-- MATERIAL PROVIDED follows --

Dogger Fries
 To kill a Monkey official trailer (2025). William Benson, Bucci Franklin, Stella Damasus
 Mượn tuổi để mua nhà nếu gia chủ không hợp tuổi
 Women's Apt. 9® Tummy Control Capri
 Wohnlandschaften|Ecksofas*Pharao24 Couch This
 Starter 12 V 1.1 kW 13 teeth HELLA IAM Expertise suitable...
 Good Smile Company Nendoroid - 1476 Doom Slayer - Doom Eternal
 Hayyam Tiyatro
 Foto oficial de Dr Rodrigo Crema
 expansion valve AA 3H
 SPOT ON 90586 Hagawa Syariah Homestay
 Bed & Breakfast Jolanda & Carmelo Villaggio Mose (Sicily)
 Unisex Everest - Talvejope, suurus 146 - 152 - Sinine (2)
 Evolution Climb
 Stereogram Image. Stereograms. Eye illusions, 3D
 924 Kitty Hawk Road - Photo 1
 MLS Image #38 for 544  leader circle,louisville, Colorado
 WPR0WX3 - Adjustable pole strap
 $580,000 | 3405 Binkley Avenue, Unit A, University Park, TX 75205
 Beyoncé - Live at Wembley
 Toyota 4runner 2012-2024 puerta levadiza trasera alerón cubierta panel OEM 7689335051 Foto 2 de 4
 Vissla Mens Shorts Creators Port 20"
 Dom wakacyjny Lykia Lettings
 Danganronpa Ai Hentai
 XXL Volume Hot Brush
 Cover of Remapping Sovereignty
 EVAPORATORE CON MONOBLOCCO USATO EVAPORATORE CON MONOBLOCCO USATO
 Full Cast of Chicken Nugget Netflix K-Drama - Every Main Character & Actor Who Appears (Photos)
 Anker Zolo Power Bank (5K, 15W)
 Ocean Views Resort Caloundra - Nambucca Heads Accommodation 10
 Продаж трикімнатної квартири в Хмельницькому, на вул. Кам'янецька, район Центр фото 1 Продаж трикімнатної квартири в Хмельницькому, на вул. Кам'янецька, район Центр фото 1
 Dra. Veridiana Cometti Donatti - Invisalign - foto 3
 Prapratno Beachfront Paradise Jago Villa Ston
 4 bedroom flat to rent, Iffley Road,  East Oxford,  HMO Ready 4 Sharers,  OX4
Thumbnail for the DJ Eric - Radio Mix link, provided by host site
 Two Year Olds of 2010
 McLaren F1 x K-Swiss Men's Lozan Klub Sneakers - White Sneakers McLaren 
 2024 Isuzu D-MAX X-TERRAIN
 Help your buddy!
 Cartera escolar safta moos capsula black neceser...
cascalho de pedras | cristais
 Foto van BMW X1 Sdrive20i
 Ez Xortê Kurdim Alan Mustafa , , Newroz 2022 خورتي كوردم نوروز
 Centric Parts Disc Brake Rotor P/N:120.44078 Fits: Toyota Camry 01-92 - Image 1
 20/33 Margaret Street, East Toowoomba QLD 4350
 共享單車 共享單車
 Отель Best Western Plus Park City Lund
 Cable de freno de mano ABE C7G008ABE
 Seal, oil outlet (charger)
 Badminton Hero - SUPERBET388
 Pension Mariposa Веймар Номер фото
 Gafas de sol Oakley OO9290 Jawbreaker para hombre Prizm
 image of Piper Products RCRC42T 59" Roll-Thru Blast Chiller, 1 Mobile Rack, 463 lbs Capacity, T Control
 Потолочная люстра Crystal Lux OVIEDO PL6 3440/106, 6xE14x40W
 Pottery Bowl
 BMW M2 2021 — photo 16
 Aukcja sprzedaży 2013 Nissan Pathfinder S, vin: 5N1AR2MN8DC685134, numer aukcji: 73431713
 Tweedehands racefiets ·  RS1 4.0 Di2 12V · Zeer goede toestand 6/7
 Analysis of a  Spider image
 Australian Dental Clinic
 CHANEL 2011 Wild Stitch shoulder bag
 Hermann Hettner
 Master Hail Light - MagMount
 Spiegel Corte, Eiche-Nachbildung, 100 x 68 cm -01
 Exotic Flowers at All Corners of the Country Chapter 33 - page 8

-- MATERIAL PROVIDED concluded --

▶ **EXERCISE OBJECTIVE**:
Word for word, return the entire set of entries.

▶ **COMPLETED TASK**:
Dogger Fries
 To kill a Monkey official trailer (2025). William Benson, Bucci Franklin, Stella Damasus
 Mượn tuổi để mua nhà nếu gia chủ không hợp tuổi
 Women's Apt. 9® Tummy Control Capri
 Wohnlandschaften|Ecksofas*Pharao24 Couch This
 Starter 12 V 1.1 kW 13 teeth HELLA IAM Expertise suitable...
 Good Smile Company Nendoroid - 1476 Doom Slayer - Doom Eternal
 Hayyam Tiyatro
 Foto oficial de Dr Rodrigo Crema
 expansion valve AA 3H
 SPOT ON 90586 Hagawa Syariah Homestay
 Bed & Breakfast Jolanda & Carmelo Villaggio Mose (Sicily)
 Unisex Everest - Talvejope, suurus 146 - 152 - Sinine (2)
 Evolution Climb
 Stereogram Image. Stereograms. Eye illusions, 3D
 924 Kitty Hawk Road - Photo 1
 MLS Image #38 for 544  leader circle,louisville, Colorado
 WPR0WX3 - Adjustable pole strap
 $580,000 | 3405 Binkley Avenue, Unit A, University Park, TX 75205
 Beyoncé - Live at Wembley
 Toyota 4runner 2012-2024 puerta levadiza trasera alerón cubierta panel OEM 7689335051 Foto 2 de 4
 Vissla Mens Shorts Creators Port 20"
 Dom wakacyjny Lykia Lettings
 Danganronpa Ai Hentai
 XXL Volume Hot Brush
 Cover of Remapping Sovereignty
 EVAPORATORE CON MONOBLOCCO USATO EVAPORATORE CON MONOBLOCCO USATO
 Full Cast of Chicken Nugget Netflix K-Drama - Every Main Character & Actor Who Appears (Photos)
 Anker Zolo Power Bank (5K, 15W)
 Ocean Views Resort Caloundra - Nambucca Heads Accommodation 10
 Продаж трикімнатної квартири в Хмельницькому, на вул. Кам'янецька, район Центр фото 1 Продаж трикімнатної квартири в Хмельницькому, на вул. Кам'янецька, район Центр фото 1
 Dra. Veridiana Cometti Donatti - Invisalign - foto 3
 Prapratno Beachfront Paradise Jago Villa Ston
 4 bedroom flat to rent, Iffley Road,  East Oxford,  HMO Ready 4 Sharers,  OX4
Thumbnail for the DJ Eric - Radio Mix link, provided by host site
 Two Year Olds of 2010
 McLaren F1 x K-Swiss Men's Lozan Klub Sneakers - White Sneakers McLaren 
 2024 Isuzu D-MAX X-TERRAIN
 Help your buddy!
 Cartera escolar safta moos capsula black neceser...
cascalho de pedras | cristais
 Foto van BMW X1 Sdrive20i
 Ez Xortê Kurdim Alan Mustafa , , Newroz 2022 خورتي كوردم نوروز
 Centric Parts Disc Brake Rotor P/N:120.44078 Fits: Toyota Camry 01-92 - Image 1
 20/33 Margaret Street, East Toowoomba QLD 4350
 共享單車 共享單車
 Отель Best Western Plus Park City Lund
 Cable de freno de mano ABE C7G008ABE
 Seal, oil outlet (charger)
 Badminton Hero - SUPERBET388
 Pension Mariposa Веймар Номер фото
 Gafas de sol Oakley OO9290 Jawbreaker para hombre Prizm
 image of Piper Products RCRC42T 59" Roll-Thru Blast Chiller, 1 Mobile Rack, 463 lbs Capacity, T Control
 Потолочная люстра Crystal Lux OVIEDO PL6 3440/106, 6xE14x40W
 Pottery Bowl
 BMW M2 2021 — photo 16
 Aukcja sprzedaży 2013 Nissan Pathfinder S, vin: 5N1AR2MN8DC685134, numer aukcji: 73431713
 Tweedehands racefiets ·  RS1 4.0 Di2 12V · Zeer goede toestand 6/7
 Analysis of a  Spider image
 Australian Dental Clinic
 CHANEL 2011 Wild Stitch shoulder bag
 Hermann Hettner
 Master Hail Light - MagMount
 Spiegel Corte, Eiche-Nachbildung, 100 x 68 cm -01
 Exotic Flowers at All Corners of the Country Chapter 33 - page 8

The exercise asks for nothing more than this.